Climate change caused by humans is a growing threat to marine ecosystems, with its impacts projected to intensify responses in marine animals, including increased mortality, reduced calcification, and changing species distributions, interactions, abundance and biomass. Coupled with stressors like overfishing, the societal benefits from the ocean and marine conservation efforts are also under threat.
Study co-author Dr Camilla Novaglio, from the Institute for Marine and Antarctic Studies (IMAS) and the Centre for Marine Socioecology (CMS), said it is vital to understand the risks of climate change for marine ecosystems – and the benefit of mitigation.
“Projections of climate change impacts on marine ecosystems reveal long-term declines in global marine animal biomass, and show that the impacts on fisheries are unevenly distributed,” Dr Novaglio said.
“Our simulations show that elevated warming, and changes in the availability of nutrients and food, will create a more marked decline in animal biomass in the world’s oceans than previously assessed.”
Lead author, Associate Professor Derek Tittensor, is the Jarislowsky Chair in Marine Ecosystem Forecasting at Dalhousie University. “Our results show worrying trends, but also highlight the importance of better understanding regional changes, where there is considerable uncertainty yet an urgent need to help support adaptation,” he said.
Study co-author Dr Tyler Eddy, from Memorial University of Newfoundland in Canada, said building confidence in the impacts of climate change for regions is essential.
“It is at these scales that fisheries, and the livelihoods and adaptive capacity of coastal communities, need to be considered,” Dr Eddy said.
An interdisciplinary team of 36 researchers working across 29 research institutions and based in seven countries contributed to this important study as part of the Fisheries and Marine Ecosystem Model Intercomparison Project (Fish-MIP).
IMAS and CMS researcher, international program lead and ARC Future Fellow, Professor Julia Blanchard, said Fish-MIP aims to answer questions about the future of fish and fisheries, seafood supply, marine biodiversity and marine ecosystem functioning.
“The project brings together disparate marine ecosystem models, so we can better understand and predict the long-term impacts of climate change on fisheries and marine ecosystems, and provide an evidence base that will help to inform fisheries, climate change, and biodiversity policy,” Prof Blanchard said.

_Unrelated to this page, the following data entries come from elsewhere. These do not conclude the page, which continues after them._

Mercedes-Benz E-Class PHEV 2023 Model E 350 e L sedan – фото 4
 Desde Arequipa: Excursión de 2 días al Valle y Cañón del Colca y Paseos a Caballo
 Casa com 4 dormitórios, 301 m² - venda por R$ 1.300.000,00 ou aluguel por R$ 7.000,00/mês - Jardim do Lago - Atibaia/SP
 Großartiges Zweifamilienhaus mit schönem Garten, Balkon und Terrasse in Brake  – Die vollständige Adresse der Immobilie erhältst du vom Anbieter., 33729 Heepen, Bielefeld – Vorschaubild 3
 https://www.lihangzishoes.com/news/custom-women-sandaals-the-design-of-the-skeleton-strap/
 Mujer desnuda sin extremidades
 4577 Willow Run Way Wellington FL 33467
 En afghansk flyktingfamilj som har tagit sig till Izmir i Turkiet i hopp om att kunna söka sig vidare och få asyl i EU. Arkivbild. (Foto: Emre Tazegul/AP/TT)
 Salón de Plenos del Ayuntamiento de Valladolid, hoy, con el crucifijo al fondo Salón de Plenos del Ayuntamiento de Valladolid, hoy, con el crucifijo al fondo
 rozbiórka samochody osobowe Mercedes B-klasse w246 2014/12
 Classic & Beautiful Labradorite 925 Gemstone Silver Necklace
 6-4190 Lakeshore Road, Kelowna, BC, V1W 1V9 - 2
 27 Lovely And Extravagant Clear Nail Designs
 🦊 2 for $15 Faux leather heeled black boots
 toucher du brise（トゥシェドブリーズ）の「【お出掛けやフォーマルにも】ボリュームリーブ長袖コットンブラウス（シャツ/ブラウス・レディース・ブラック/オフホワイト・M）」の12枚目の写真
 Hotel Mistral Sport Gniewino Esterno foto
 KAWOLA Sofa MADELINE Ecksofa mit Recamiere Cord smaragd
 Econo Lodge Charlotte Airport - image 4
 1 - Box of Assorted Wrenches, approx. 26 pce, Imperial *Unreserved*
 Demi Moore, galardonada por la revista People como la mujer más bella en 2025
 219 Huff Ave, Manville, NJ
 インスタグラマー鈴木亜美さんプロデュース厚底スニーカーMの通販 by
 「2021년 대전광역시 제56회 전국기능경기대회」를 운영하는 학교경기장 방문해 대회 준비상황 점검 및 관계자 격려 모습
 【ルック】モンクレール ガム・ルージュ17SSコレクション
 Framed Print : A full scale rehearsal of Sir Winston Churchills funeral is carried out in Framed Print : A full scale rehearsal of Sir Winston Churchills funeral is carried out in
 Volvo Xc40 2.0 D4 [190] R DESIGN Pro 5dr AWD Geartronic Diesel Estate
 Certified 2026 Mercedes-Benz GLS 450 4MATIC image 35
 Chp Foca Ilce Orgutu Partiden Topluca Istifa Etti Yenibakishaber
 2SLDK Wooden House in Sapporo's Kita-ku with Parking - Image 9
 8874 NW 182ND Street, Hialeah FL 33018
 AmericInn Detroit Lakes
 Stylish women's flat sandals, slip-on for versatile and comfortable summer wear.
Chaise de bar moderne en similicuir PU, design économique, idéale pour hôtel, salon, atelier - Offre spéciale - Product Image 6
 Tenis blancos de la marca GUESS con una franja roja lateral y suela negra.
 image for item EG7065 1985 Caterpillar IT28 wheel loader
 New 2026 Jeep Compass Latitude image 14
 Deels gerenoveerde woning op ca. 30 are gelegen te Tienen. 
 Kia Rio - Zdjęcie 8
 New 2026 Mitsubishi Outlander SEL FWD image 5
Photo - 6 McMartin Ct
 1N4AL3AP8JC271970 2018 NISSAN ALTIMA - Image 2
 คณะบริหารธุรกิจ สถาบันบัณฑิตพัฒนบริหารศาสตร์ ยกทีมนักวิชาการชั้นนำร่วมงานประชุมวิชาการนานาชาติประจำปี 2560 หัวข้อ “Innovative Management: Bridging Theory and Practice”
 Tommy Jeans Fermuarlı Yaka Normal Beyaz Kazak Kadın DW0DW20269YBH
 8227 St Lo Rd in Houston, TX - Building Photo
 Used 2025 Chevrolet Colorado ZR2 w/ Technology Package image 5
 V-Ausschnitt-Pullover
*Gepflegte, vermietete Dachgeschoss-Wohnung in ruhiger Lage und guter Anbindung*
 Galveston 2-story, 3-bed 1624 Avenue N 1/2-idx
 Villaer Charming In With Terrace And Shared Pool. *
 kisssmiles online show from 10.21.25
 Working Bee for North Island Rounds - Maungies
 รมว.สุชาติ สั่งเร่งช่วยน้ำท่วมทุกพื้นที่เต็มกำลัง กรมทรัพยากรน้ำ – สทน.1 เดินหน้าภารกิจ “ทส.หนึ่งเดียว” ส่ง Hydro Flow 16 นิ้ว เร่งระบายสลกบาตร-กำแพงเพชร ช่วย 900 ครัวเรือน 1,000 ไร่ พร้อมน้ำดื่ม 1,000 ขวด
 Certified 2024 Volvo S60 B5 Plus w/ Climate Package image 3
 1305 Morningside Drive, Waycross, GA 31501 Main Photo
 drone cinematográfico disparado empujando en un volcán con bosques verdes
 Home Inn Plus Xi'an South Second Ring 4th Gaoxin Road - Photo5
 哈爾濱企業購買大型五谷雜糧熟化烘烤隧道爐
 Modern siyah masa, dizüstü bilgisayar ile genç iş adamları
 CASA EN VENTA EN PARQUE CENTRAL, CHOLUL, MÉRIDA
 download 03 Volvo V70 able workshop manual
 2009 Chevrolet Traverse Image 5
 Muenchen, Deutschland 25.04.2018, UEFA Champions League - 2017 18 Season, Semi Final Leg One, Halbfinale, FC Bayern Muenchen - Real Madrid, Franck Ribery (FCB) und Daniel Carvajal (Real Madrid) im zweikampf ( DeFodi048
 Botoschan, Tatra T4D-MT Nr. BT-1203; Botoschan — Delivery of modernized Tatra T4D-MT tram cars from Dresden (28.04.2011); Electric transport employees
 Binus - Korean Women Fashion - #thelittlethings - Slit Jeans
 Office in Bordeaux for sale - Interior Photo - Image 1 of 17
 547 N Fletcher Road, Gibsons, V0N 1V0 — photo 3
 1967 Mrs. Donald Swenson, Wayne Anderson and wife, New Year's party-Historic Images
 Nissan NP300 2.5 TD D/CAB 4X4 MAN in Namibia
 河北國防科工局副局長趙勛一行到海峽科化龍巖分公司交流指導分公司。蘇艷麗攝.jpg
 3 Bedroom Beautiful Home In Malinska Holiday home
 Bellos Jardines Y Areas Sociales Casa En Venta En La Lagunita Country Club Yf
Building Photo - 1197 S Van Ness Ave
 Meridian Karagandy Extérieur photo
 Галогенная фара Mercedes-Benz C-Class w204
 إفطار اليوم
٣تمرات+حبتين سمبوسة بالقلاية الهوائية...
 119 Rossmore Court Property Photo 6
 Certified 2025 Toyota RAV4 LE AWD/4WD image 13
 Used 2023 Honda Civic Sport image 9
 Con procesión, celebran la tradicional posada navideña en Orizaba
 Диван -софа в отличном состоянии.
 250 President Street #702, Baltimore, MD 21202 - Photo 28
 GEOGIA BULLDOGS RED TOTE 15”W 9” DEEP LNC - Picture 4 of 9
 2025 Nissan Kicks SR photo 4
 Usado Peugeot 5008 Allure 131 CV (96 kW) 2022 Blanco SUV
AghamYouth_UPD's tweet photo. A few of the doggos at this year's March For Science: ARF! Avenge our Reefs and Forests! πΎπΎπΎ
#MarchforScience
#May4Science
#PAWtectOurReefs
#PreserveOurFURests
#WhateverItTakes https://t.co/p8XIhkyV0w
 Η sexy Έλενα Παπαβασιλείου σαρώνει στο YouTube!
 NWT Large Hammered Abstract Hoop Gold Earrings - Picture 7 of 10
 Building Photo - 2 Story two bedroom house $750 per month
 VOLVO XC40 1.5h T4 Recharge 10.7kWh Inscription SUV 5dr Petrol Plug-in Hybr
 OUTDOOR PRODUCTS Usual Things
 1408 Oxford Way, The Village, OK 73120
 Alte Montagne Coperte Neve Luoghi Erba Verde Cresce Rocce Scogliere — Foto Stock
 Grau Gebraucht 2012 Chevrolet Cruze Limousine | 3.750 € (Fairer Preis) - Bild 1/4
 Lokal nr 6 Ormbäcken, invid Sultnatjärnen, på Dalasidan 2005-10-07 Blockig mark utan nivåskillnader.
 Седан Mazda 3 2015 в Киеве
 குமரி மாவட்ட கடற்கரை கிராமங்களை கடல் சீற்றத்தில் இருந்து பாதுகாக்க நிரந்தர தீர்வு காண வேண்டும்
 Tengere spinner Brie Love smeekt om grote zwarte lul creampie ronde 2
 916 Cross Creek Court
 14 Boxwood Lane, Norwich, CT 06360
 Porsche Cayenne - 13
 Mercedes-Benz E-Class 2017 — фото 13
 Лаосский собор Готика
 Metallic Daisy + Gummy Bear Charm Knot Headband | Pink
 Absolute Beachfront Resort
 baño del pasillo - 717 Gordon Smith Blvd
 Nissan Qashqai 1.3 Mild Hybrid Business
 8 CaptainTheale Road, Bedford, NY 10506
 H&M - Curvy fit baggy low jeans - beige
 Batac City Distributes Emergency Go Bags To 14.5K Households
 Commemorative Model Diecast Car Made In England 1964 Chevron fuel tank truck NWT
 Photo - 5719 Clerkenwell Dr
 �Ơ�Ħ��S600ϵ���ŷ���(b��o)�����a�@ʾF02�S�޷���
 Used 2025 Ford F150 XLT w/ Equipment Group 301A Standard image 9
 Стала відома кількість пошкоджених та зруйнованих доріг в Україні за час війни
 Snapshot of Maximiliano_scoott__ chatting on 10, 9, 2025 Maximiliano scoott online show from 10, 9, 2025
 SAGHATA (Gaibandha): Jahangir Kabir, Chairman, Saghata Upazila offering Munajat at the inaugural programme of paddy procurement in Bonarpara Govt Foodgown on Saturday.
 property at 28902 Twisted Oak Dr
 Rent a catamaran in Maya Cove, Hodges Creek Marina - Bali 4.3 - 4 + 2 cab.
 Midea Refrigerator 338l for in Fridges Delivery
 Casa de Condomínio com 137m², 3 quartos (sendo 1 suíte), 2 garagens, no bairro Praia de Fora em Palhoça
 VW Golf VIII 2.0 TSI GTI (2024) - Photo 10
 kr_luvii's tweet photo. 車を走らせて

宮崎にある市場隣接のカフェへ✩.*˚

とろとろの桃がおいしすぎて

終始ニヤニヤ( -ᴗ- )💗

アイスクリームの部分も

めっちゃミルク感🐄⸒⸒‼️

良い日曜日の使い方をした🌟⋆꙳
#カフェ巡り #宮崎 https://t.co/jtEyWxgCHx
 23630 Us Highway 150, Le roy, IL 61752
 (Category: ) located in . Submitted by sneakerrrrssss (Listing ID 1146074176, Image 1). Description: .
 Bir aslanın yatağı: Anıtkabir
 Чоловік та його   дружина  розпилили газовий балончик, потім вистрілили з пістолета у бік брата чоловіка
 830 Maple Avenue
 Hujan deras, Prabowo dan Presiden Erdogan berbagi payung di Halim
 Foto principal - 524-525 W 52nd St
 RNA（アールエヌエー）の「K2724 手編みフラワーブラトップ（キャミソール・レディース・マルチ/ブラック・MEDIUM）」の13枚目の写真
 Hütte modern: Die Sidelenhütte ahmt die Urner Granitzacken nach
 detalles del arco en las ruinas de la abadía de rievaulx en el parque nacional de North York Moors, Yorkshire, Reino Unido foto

Published in Nature Climate Change, the study represents a stepping stone in planning future pathways towards sustainability, and is a major contribution to the sixth Intergovernmental Panel on Climate Change Assessment Report (IPCC AR6), due for release next year.
“This study is especially relevant to the UN Climate Change Conference (COP 26) being held in Glasgow in early November, where world leaders will discuss their commitments to combat climate change,” Prof Blanchard said.